Eye-Catching And Crumb-Suspending

Printed circuit boards used to be green or tan, and invariably hidden. Now, they can be artful, structural, and like electronic convention badges, they are the entire project. In this vein, we find Open LEV, a horseshoe-shaped desktop bauble bristling with analog circuitry supporting an acoustic levitator. [John Loefler] is a mechanical engineer manager at a college 3D printing lab in Florida, so of course, he needs to have the nerdiest stuff on his workspace. Instead of resorting to a microcontroller, he filled out a parts list with analog components. We have to assume that the rest of his time went into making his PCB show-room ready. Parts of the silkscreen layer are functional too. If you look closely at where the ultrasonic transducers (silver cylinders) connect, there are depth gauges to aid positioning. Now that’s clever.
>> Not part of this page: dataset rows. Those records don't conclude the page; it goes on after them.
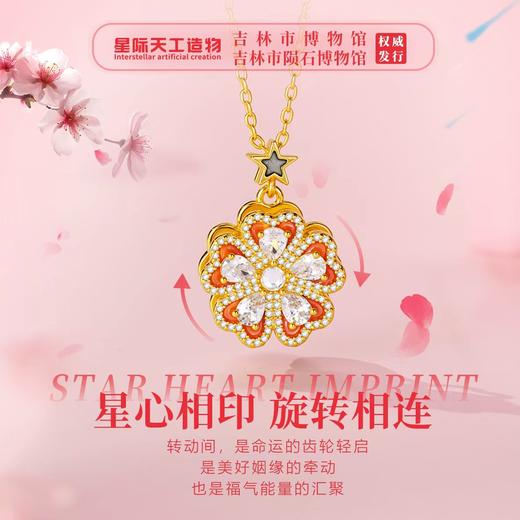 【镶嵌天外来物 星际浪漫与永恒爱意】 星心相印项链 （吉林市陨石博物馆出品 “星”为天，“心”属地 旋转相连 是为相印） 商品图4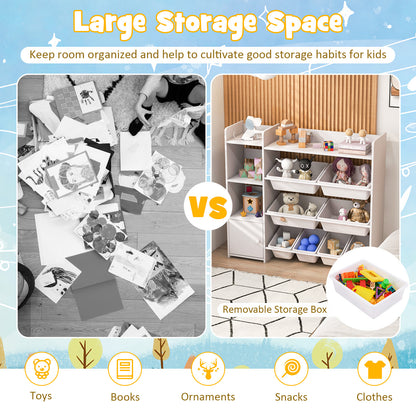 4-Tier Kids Toy Storage Organizer Bookshelf and Toy Storage Rack with Door, White Kids Storage at Gallery Canada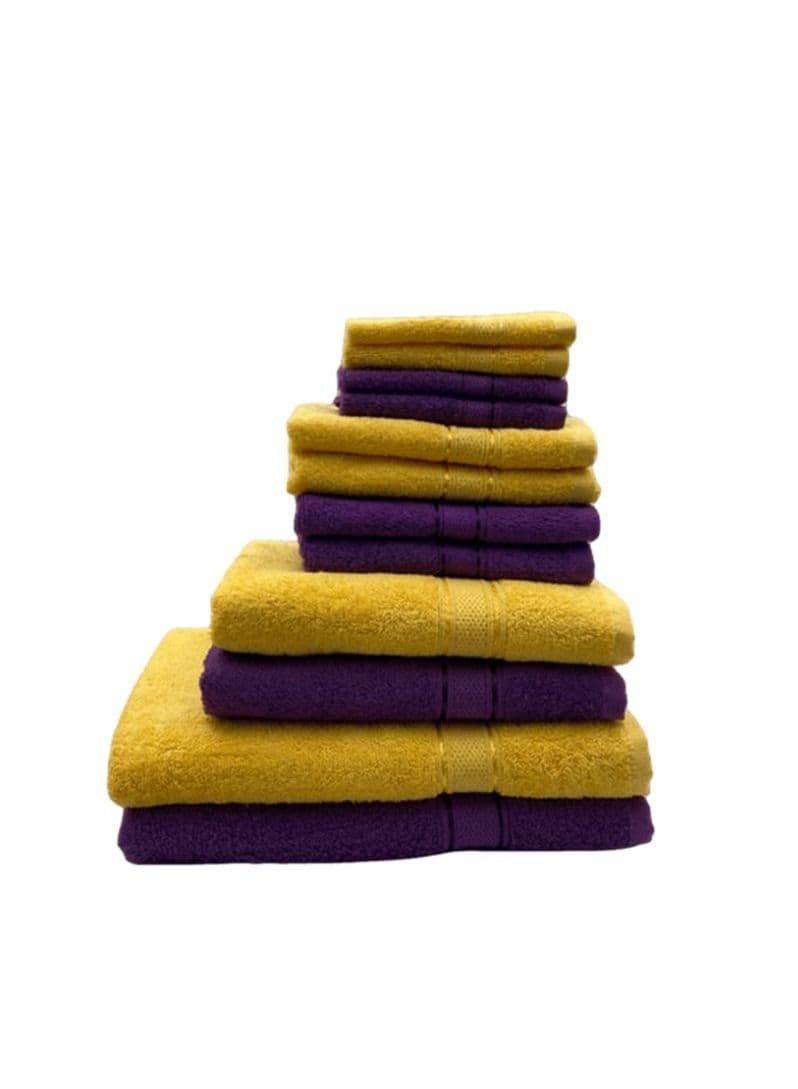Daffodil(Purple & Yellow) Cotton Premium Bath Linen Set (4 Face, 4 Hand, 2 Adult Bath, 2 Kids Bath Towel, 2 Adult Bathrobe & 2, 8yr Kids Bathrobe) Family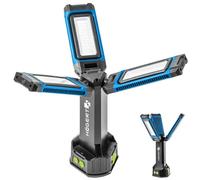 Högert Technik Luz de inundación con batería, 7000 lm, 3 modos, iluminación de 360°, IP54, protección contra polvo y salpicaduras, IK09, resistencia a los golpes, 5 horas de funcionamiento, banco de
Acoustic levitation takes advantage of the nodes in a standing sound wave. Nodes are points surrounded by higher pressure regions. In other words, if something rests inside a node, any direction it wanders, it will encounter pressure pushing it back. There are also antinodes where nothing wants to hang out. If something disrupts the wave, even from above, the levitating thing will fall.

We have seen acoustic levitation before and magnetic levitation, but we never get tired of it.